What is indexed long-term capital gain?

It is an index used to calculate the notional increase in the value of an asset due to inflation. Therefore, the CII value cannot be used to arrive at LTCG/LTCL on equity mutual funds as the amount that exceeds Rs 1 lakh per fiscal is taxed at a flat rate of 10 per cent without indexation benefit.

What is long-term capital gain without indexation?

The Long-term capital gains (LTCG) over Rs 1 lakh on listed equity shares per financial year is taxable at the rate of 10% without the benefit of indexation.

What is long-term capital gain with example?

Example: Manya bought a house in July 2004 for Rs 50 lakh, and the full value of consideration received in FY 2016-17 is Rs 1.8 crore. Since this property has been held for over 3 years, this would be a long-term capital asset. The cost price is adjusted for inflation and indexed cost of acquisition is taken.

How is long term capital gain index calculated?

Long-term capital gain index calculation is done by using the latest Cost inflation index prepared by the Government of India. It helps to calculate the index cost for capital gain. In other words – To calculate the long-term capital gains, individuals need to find out the indexed cost of an asset in question.

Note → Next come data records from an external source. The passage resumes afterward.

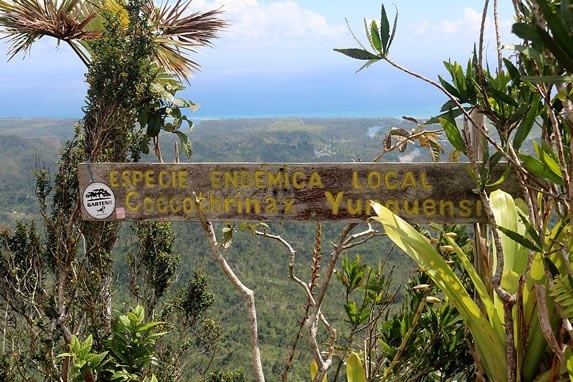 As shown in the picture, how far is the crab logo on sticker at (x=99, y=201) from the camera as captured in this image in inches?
56.9

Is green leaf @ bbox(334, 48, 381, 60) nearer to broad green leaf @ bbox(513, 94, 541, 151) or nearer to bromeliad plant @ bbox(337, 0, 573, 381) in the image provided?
bromeliad plant @ bbox(337, 0, 573, 381)

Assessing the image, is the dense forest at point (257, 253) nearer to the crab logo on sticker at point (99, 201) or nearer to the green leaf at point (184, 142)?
the green leaf at point (184, 142)

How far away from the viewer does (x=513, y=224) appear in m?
1.13

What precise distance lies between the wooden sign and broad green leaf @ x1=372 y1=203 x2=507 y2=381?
248mm

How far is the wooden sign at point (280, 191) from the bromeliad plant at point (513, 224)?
5.4 inches

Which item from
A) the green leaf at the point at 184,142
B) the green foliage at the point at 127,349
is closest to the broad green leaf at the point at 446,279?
the green foliage at the point at 127,349

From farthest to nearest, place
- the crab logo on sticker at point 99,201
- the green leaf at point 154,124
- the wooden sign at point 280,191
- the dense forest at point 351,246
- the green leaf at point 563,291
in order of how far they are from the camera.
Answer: the green leaf at point 154,124, the crab logo on sticker at point 99,201, the wooden sign at point 280,191, the dense forest at point 351,246, the green leaf at point 563,291

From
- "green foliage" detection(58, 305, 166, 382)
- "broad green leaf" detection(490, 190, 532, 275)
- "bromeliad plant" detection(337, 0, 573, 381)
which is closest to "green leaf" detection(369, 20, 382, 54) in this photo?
"bromeliad plant" detection(337, 0, 573, 381)

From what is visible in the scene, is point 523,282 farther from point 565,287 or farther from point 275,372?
point 275,372

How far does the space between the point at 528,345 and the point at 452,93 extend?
1.82ft

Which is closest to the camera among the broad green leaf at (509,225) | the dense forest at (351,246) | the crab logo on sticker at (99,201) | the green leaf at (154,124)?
the dense forest at (351,246)

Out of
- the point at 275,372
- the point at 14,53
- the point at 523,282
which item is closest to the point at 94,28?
the point at 14,53

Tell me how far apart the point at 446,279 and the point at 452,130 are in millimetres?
299

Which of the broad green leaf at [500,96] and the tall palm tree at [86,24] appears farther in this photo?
the tall palm tree at [86,24] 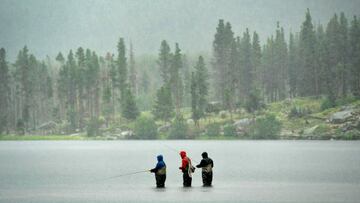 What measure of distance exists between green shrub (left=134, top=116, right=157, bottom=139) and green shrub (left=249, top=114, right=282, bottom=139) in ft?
84.1

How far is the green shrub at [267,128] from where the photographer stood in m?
149

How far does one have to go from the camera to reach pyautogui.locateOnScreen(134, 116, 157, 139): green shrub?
160250mm

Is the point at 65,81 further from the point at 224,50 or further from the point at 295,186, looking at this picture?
the point at 295,186

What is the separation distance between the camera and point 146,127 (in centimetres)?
16025

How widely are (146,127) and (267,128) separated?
31486 mm

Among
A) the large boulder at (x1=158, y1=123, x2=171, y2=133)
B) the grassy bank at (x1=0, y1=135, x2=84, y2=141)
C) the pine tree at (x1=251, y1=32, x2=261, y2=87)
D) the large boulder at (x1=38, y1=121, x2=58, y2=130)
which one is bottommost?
the grassy bank at (x1=0, y1=135, x2=84, y2=141)

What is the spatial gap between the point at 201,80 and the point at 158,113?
14.7 m

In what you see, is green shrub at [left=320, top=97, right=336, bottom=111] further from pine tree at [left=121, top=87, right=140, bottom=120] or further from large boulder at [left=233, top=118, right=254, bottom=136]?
pine tree at [left=121, top=87, right=140, bottom=120]

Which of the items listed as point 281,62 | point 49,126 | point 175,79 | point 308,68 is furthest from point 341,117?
point 49,126

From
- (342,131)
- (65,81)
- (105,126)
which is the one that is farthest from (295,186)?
(65,81)

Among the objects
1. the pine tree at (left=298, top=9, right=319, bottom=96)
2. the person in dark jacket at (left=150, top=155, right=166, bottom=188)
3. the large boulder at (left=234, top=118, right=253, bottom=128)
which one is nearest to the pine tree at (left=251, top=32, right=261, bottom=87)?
the pine tree at (left=298, top=9, right=319, bottom=96)

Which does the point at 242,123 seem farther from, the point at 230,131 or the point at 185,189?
the point at 185,189

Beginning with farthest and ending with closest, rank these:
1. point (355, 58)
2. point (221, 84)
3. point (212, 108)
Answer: point (221, 84) < point (212, 108) < point (355, 58)

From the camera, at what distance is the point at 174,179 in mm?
48188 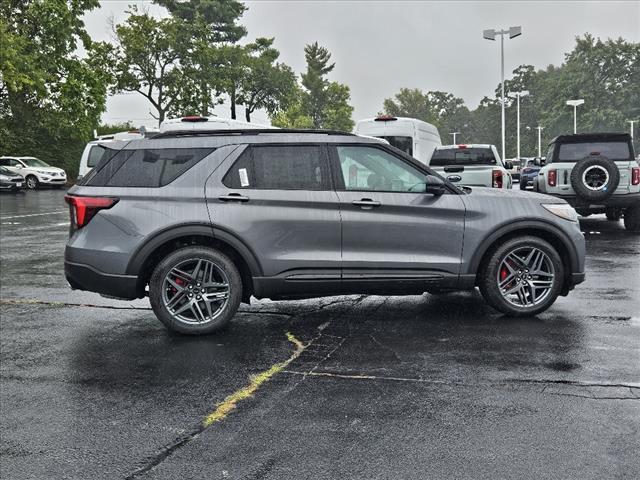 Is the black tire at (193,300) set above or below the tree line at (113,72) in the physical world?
below

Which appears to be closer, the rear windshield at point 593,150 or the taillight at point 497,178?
the rear windshield at point 593,150

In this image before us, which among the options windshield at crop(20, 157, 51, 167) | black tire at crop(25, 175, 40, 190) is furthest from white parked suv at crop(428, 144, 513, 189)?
windshield at crop(20, 157, 51, 167)

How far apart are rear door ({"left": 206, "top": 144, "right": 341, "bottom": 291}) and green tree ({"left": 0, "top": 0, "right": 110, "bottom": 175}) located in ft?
92.6

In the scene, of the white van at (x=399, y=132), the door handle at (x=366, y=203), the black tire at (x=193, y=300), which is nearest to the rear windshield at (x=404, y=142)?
the white van at (x=399, y=132)

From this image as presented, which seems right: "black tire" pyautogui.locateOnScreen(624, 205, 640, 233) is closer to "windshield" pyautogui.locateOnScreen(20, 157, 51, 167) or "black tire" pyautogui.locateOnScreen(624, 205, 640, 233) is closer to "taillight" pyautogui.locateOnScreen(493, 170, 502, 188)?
"taillight" pyautogui.locateOnScreen(493, 170, 502, 188)

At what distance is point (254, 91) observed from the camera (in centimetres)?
6306

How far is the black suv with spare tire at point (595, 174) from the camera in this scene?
12516mm

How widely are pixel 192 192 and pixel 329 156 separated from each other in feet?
4.12


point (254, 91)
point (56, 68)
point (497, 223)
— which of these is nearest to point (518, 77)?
point (254, 91)

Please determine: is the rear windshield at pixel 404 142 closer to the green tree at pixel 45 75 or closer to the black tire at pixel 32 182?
the green tree at pixel 45 75

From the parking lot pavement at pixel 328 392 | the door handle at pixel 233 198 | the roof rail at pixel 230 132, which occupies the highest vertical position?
the roof rail at pixel 230 132

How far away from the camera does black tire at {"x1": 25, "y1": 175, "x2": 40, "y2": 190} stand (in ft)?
120

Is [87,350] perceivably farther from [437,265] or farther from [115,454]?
[437,265]

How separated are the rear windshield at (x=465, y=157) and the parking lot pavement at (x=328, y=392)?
7.98m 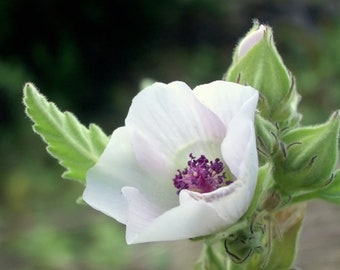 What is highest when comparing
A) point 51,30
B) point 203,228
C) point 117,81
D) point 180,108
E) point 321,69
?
point 51,30

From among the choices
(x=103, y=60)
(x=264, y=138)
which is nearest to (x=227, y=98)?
(x=264, y=138)

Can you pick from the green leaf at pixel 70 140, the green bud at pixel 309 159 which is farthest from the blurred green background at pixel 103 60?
the green bud at pixel 309 159

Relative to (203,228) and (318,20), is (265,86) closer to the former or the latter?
(203,228)

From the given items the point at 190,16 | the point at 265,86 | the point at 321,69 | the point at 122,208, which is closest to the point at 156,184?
the point at 122,208

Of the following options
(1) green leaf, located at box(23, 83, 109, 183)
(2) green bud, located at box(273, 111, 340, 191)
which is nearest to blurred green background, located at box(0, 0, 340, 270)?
(1) green leaf, located at box(23, 83, 109, 183)

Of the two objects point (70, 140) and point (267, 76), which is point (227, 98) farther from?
point (70, 140)
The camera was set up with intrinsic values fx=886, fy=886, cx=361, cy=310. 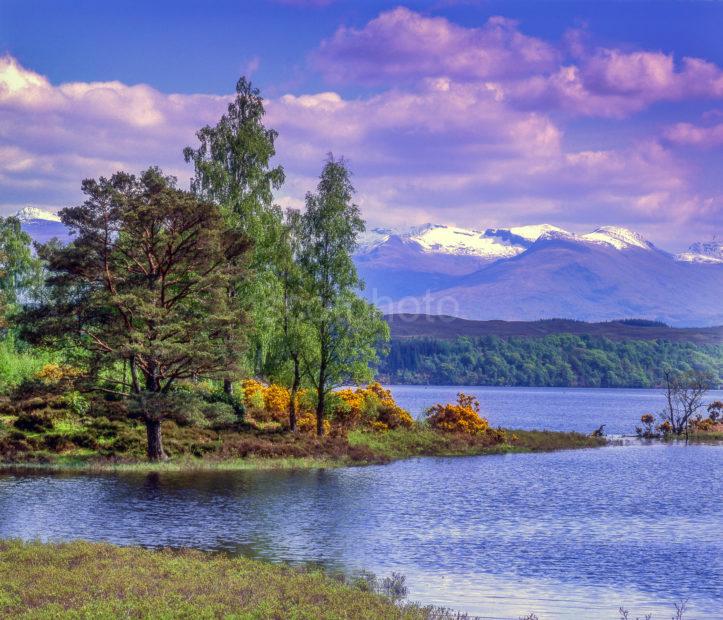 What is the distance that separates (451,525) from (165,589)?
16.9m

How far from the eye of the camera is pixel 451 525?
35.7 m

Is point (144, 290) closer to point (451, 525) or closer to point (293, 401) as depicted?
point (293, 401)

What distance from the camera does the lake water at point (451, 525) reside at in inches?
998

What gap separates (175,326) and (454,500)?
718 inches

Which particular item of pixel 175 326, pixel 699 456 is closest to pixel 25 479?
pixel 175 326

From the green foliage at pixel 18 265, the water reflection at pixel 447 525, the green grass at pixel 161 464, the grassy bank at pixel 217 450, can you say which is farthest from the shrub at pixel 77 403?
the green foliage at pixel 18 265

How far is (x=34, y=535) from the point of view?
96.8ft

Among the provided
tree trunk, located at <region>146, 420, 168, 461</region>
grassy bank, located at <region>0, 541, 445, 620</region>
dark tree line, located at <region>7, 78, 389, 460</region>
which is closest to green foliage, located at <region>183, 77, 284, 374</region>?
dark tree line, located at <region>7, 78, 389, 460</region>

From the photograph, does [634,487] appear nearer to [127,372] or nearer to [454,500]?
[454,500]

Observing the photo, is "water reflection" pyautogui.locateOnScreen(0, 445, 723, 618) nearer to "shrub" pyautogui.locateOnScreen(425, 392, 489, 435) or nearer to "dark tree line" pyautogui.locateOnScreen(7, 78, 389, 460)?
"dark tree line" pyautogui.locateOnScreen(7, 78, 389, 460)

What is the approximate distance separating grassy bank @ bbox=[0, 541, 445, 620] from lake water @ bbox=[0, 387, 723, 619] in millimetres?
2881

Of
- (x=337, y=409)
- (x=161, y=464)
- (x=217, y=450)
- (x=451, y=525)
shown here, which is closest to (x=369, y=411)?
(x=337, y=409)

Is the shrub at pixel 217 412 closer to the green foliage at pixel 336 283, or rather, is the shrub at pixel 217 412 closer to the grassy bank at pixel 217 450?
→ the grassy bank at pixel 217 450

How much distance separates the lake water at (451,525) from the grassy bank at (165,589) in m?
2.88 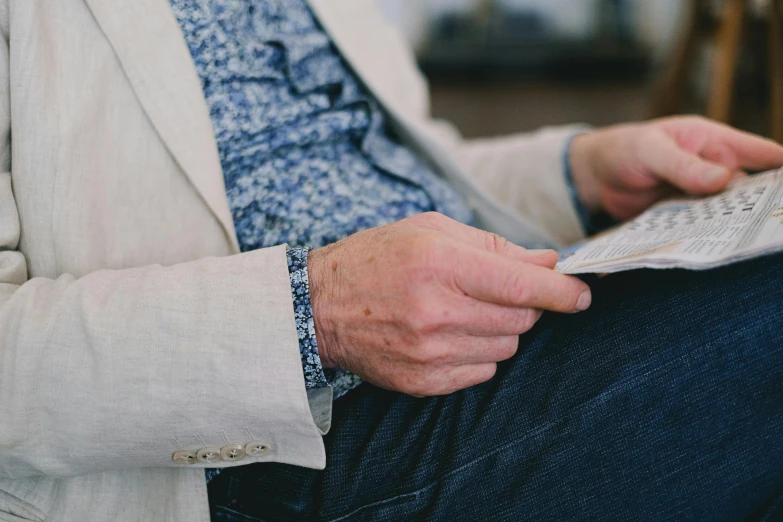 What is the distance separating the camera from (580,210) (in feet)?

How does indexation benefit affect long term capital gains?

Indexation benefit only applies if your asset qualifies for long term capital gains tax post indexation. Gross Long Term Capital Gain = Fair Market Value or Sale Price (–) Expense on Transfer (–) Index Cost of Purchase (–) Index Cost of Improvement”

When is long term capital gains taxed in India?

But w.e.f FY 2018-19 and AY 2019-20, long term capital gains have been made taxable over and above ₹1 Lakh in a financial year U/S 112A of the Income Tax Act. This Long Term Capital Gains Tax on Shares might probably discourage the investors.

How does inflation affect long term capital gains?

…And when it comes to sales of your long term capital gains, your real profit may actually be much lower because of the rise in prices over time. The Income Tax department recognizes this and issues an annual Cost Inflation Index (CII) that allows you to index your cost of acquisition to take inflation into account.